Nieuws - 18 november 2010

Robben Island

Less than a month ago I had the honour of visiting Robben Island, where Nelson Mandela and countless other non-white opponents of Apartheid were imprisoned for years. It was not the sight of the tiny cells, the bleak courtyard or the high fences topped with rolls of barbed wire that made the biggest impression on me, but the stories of our guides, who were ex-prisoners.

A bus took us past all the places on the island that are part of its history. We saw the churchyard where prisoners were buried.

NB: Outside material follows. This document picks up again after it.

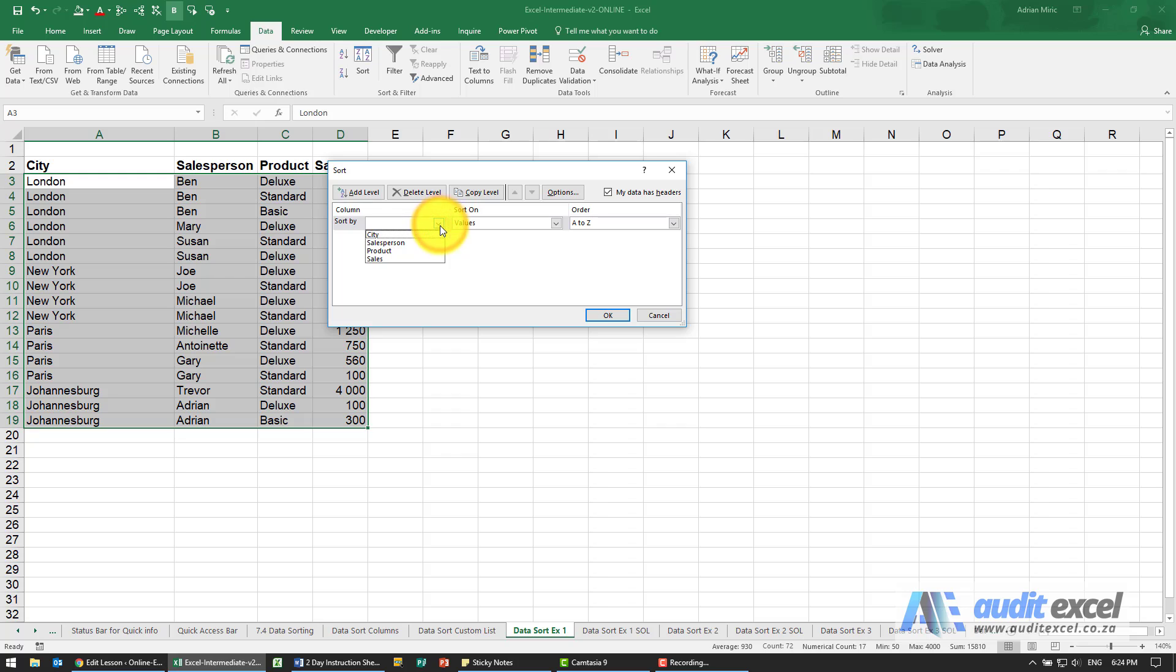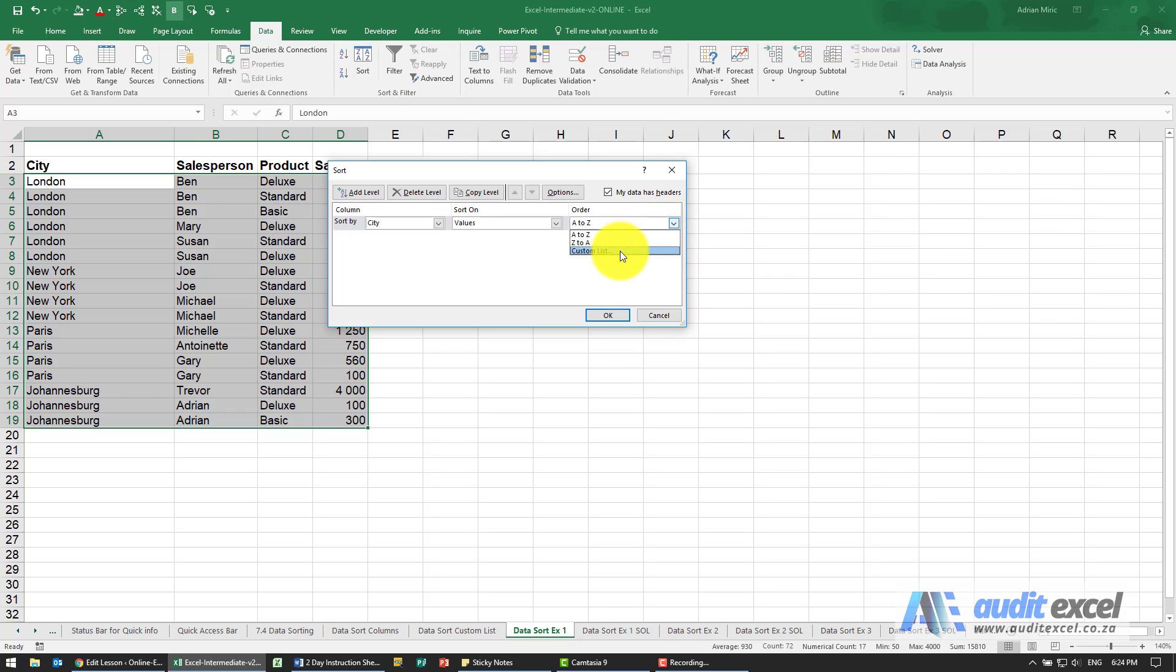So we're going to sort by, firstly we're going to sort by city on values, but the order now is not going to work A to Z, Z to A.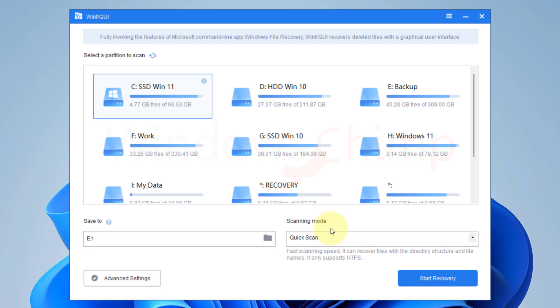Now you will see the graphical interface of recovery software. There is also a command line interface which you can download from the Microsoft Store.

We passed the limestone quarry where huge pieces of rock were hewn out, to be hacked into gravel later in the courtyard, the prisoners sitting in long rows. Pointless work, intended simply to make them feel the inequality, to break their wills. We saw groups of penguins, here at their most northern point, made possible by the cold water of the gulf stream from the south. I listened to our guide and looked at him as he told us about Mr Mandela, who taught them not to hate, not to seek revenge.
I didn't buy anything in the souvenir shop at the jetty, but I did pick up a couple of chips of limestone from the quarry to give to my daughters back home.
What does all this have to do with Wageningen? Not much, perhaps. Nothing, perhaps. I'm not sure. A lot perhaps. Everything, perhaps. It was an honour to visit Robben Island. Yes, an honour. But the prisoners who were robbed of their freedom here and endlessly mistreated and humiliated won't have felt that way.